**Task prompt**
Whenever a line in the data contains "India", show that line.

**Stored dataset items**
****************************************

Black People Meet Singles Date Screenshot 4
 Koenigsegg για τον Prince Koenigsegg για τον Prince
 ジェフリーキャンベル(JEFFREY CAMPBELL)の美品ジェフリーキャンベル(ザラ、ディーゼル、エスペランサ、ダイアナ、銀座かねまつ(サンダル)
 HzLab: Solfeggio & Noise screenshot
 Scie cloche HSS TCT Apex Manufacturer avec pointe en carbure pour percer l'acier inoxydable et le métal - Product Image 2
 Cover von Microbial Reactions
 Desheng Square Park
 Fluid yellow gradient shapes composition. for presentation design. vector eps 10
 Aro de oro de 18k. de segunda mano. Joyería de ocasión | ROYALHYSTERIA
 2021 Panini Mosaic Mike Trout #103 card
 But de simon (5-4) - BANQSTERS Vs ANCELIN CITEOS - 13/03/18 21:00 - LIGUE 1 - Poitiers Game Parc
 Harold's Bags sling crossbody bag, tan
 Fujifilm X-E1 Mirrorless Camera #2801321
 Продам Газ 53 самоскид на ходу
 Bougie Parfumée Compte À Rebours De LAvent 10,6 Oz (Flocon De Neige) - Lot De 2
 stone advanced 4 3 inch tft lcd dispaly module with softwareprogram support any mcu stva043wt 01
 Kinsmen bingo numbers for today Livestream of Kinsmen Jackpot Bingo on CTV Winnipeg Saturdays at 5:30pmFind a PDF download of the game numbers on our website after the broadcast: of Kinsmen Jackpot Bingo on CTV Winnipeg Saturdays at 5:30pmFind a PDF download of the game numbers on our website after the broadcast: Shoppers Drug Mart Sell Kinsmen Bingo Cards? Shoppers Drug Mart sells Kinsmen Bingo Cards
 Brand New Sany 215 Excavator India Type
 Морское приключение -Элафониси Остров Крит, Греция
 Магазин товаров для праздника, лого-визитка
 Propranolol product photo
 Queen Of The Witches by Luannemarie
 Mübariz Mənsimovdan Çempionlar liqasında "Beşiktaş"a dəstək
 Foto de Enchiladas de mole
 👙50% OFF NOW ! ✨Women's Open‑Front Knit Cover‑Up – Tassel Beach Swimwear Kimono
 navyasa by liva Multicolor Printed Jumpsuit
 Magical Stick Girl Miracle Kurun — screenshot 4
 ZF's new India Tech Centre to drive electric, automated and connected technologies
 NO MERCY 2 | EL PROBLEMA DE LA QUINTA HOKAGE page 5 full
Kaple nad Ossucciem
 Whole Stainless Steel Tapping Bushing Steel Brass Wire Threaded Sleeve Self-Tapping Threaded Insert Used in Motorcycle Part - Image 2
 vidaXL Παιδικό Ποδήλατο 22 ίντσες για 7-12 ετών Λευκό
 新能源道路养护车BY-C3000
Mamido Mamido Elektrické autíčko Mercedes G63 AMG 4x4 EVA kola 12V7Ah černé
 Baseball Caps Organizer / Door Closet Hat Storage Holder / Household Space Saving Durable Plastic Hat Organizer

****************************************

**Answer for this exercise**
 Brand New Sany 215 Excavator India Type
 ZF's new India Tech Centre to drive electric, automated and connected technologies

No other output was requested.